BOTTA could see Gaspard from where he stood, and his eyes kindled and grew luminous as he watched the athletic figure bending under its load of forage. The young carpenter had proved himself good metal, and Arnaud—one of whose many gifts it was to judge men’s qualities swiftly and justly—had advanced him from the ranks to a place of trust about his own person. There was not a man in his whole troop that he trusted more fully than Botta’s son, Gaspard.

‘This was your mother’s home,’ said the house-master, later that evening, when he and Gaspard had withdrawn themselves a little from the rest, and climbed the steep bank which swept up from the hill-torrent to the bastion of rock that kept watch and ward above. ‘Your mother’s home. Here I saw her first, binding rye in those fields—the grey and silver rye. I never see it now but I think of that day in autumn, two and thirty years ago. Two and thirty years—a long time, Gaspard, to you, for it is more than your whole life; but to me it seems but a handful of days, few and evil, like those of Jacob. Two and thirty years!’

‘There are other measurements than hours and weeks,’ returned the young man slowly; ‘I have learned that. How long is it since we crossed the mountains into Switzerland? They count our exile as a score or two of months, to me it is a very lifetime.’

‘His day is as a thousand years, and a thousand years in His sight but as a day,’ returned Henri Botta, whose slower mind had not grasped the inner meaning of his son’s words.

‘And,’ Gaspard went on, ‘there are the small things we give our lives to grasp, and the great things we have not eyes to see. Will God judge us for our foolishness, and punish us for our blindness in the day of the account?’

‘He bids us ask for wisdom, Gaspard, and He has promised us the light.’

Still he did not follow the workings of his son’s mind, but he added:

‘God understandeth our frame, and remembereth that we are but dust. If His heaven is high and far above us, His Son came here that in all things He might understand.’

The young man did not answer.

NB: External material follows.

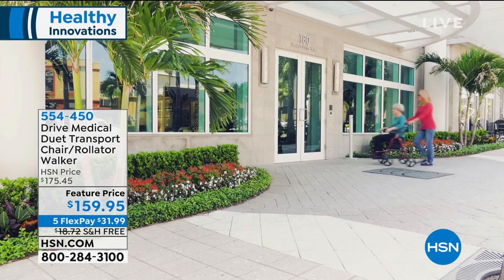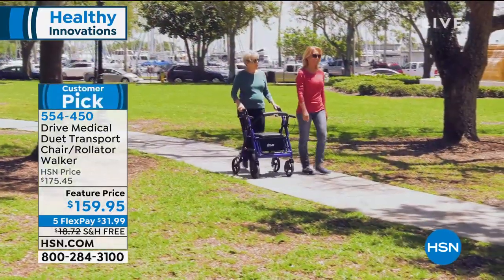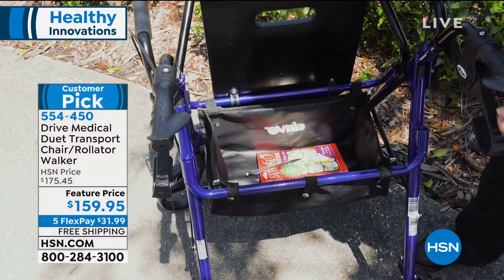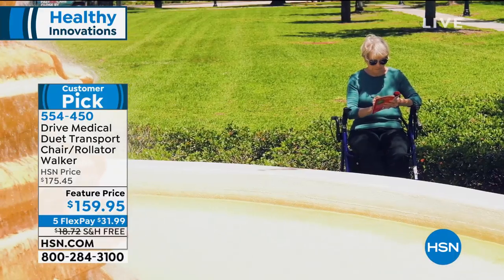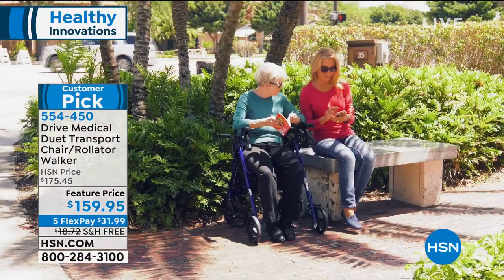Let's talk about the Drive Medical Duet Transport Chair slash Walker. This is everything you need in one — it is a transport chair, you can use it as a walker, and you can fold it up very easily to take it on the go. It glides so easily if someone is pushing you. It has a super comfortable seat, a nice backrest, storage, and it can hold a weight capacity up to 300 pounds.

He was thinking of that day on the Angrogna hill when first he caught an inkling of the truth that the life is more than meat, and the body than raiment—that day when it was first given him to see that God’s stroke, falling as sharp pain, is yet His Hand of Love.

It was but little that they seemed able to effect, this handful of men marching across the confines of their native land; their bivouac fires were few and feeble on that summer night in the Prali fields; and Henri Botta’s white hairs and Gaspard’s ill-armed hands showed as poor samples of the stuff of which Arnaud’s army was made. Yet, judged by wider measurements, they were not ignoble, nor was their effort mean. These men of the Vaudois were holding forth to the world the spectacle of reverent faith in the promises of their God. They trusted in Him, and they believed that that fervent trust would never be confounded.